Distinguished by a surprising and then hitherto unseen burst of vibrant colour into his work, along with a deliberate rawness of brushwork that prompted some observers to label Baselitz a ‘Neo-Expressionist’, this series of paintings began in 1983 with the painting, Nachtessen in Dresden (now in the Kunsthaus Zurich). This vast and now famous canvas took as its starting point Emil Nolde’s equally well-known 1909 painting of the Last Supper. A fusion of traditional Christian iconography with the heightened colour and painterly gesture of German Expressionism, it was the first of two paintings on the theme of the Last Supper (along with Der Brückechor) in which Baselitz portrayed several of the members of the Brücke group of Expressionist painters. Here, the figures of Nolde, Kirchner, Schmidt-Rotluff et.al. along with that of Edvard Munch – an artist to whom Baselitz has repeatedly paid homage – were depicted, like totemic German elders, upended and seated around a table.

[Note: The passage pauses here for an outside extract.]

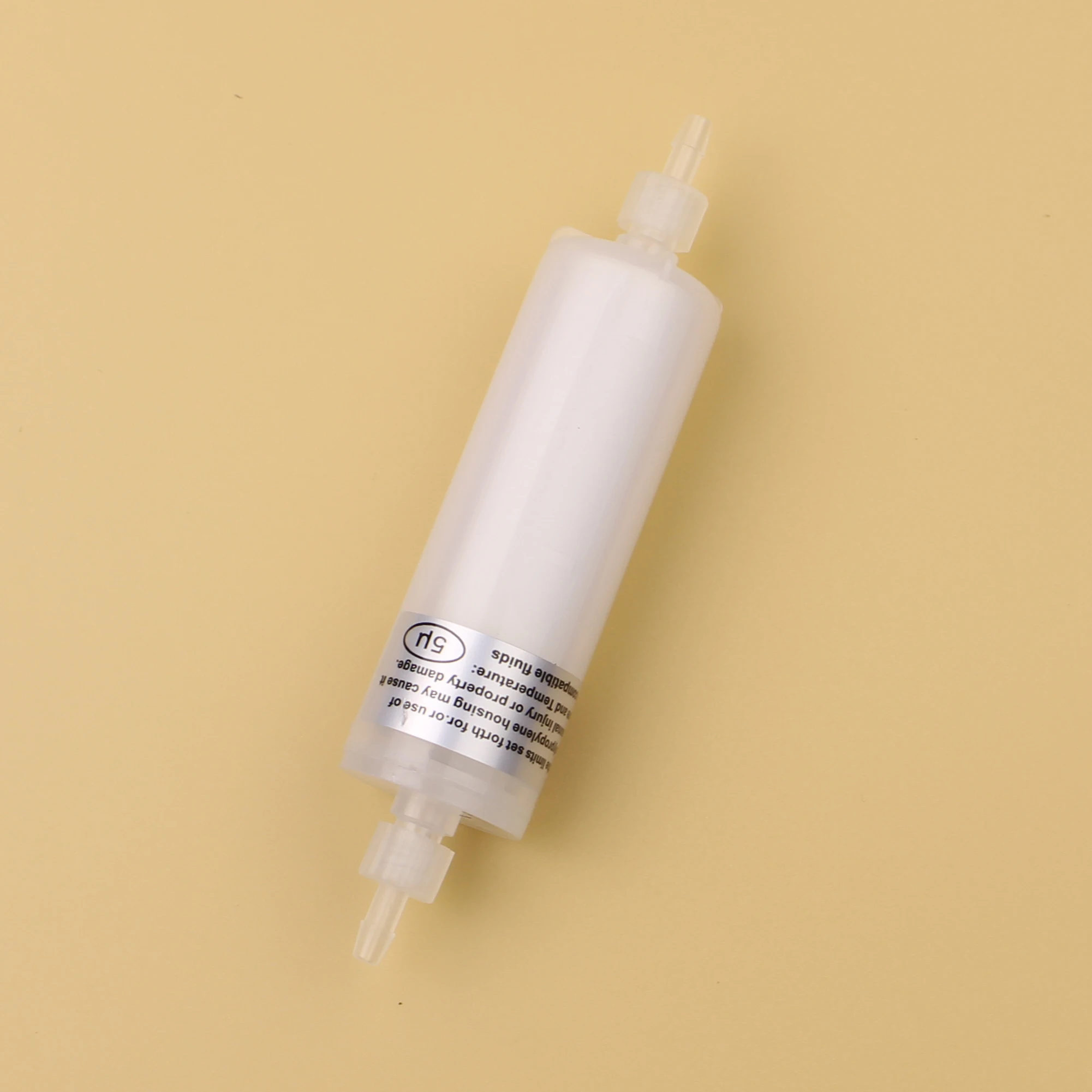 20pcs Inkjet printer big capsule ink filter White cylinder Shape ink filter for Solvent printer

‘People were starting to say that my works had a link with German Expressionism’, Baselitz has remembered, and he wanted, he said, to demonstrate that he had ‘never had any relationship with Expressionism ... I have always invented the objects and the various figurations that I wanted to show. I have never had a model. That is something that has remained entirely alien to me, something that does not suit me at all’ (G. Baselitz, quoted in Georg Baselitz, exh. cat., Solomon. R. Guggenheim Museum, New York, 1995, pp. 149-150).
Soon after making these upside-down paintings of Expressionist forefathers having a ‘Last Supper’, in 1984 Baselitz began a sequence of similarly large-scale, but vertical paintings on the ensuing religious theme of Christ’s Passion. This was a grand and traditional theme in painting that, with the solitary exception, perhaps, of Barnett Newman’s Stations of the Cross, was, up until this point, almost entirely unknown in the post-war era. Baselitz, who since the mid-1970s had been dividing his time between Germany and Italy, has said also that he ‘was thinking about Piero della Francesca when I painted …those [paintings] of the Passion’ (G. Baselitz, 17 March 1985, quoted in D. Gretenkort (ed.), Georg Baselitz Collected Writings and Interviews, London 2010, p. 132).

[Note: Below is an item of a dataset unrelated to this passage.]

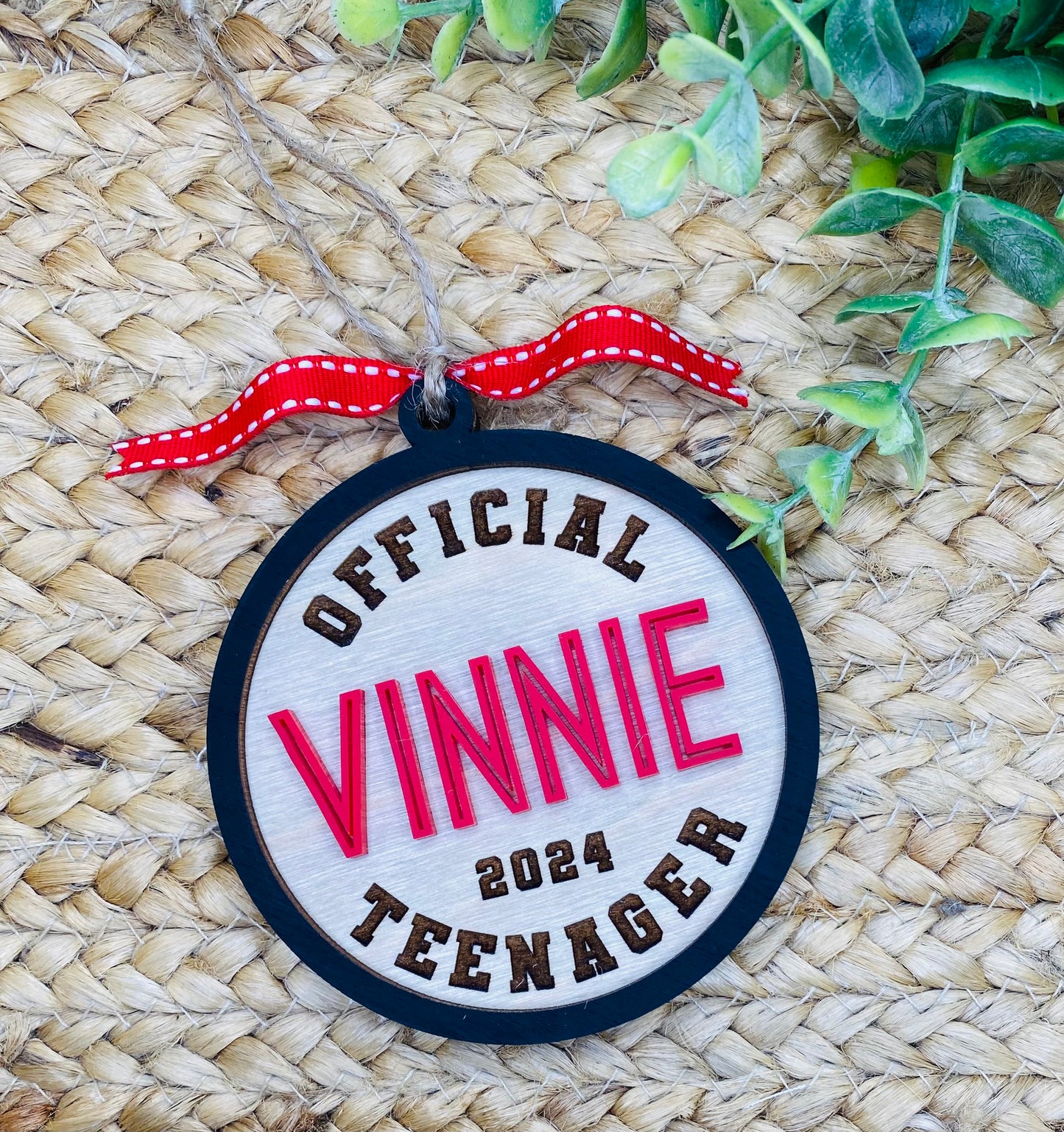 Official Teenager Ornament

In a move that echoed his recent experiments in carving large totemic figures in wood, Baselitz’s new religiously-themed paintings comprised mainly of solitary standing figures isolated against an empty, abstract background. ‘My point of departure’ Baselitz has said of these works, ‘was the death room. The first death rooms in painting are found in portrayals of the Death of the Virgin. Obviously not all the death rooms ever painted go back to this early model, but the imagery of the Deathbed and the Death of the Virgin has existed since then. It cannot be denied. It affects Munch as much as it does Beckmann or Picasso’ (G. Baselitz, 17 March 1985 quoted in ibid, p. 130).

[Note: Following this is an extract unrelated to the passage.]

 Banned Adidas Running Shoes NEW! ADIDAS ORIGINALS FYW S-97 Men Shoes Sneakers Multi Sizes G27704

Baselitz’s totemic human figures are carved out against the apparent void of the picture with vibrant colour and brushstroke – in a chiselled, non-gestural manner similar to that of the artist’s recent wooden sculptures – in such a way that they gain a stark, existentialist sense of vigour and life. The radiant and deliberately artificial-looking colour that Baselitz has used joins the ever-present upside-down awkwardness of his figures in deliberately subverting and reinterpreting the otherwise traditional solemnity of these paintings’ religious subject-matter. Like the inverted motif that has distinguished and defined Baselitz’s painting ever since the late 1960s, the vivid chromatic character of these works is aimed at separating the subject matter from habitual associations and convention. Form, style, colour and content are used as purely painterly, non-associative tools through which to radically reinvent ‘history painting’ on a grand and traditional theme: even as he pays homage to that tradition, Baselitz’s shocking, unorthodox, coarse, and proudly self-assertive pictures shatter and counter all the religious and iconographic conventions hitherto associated with it.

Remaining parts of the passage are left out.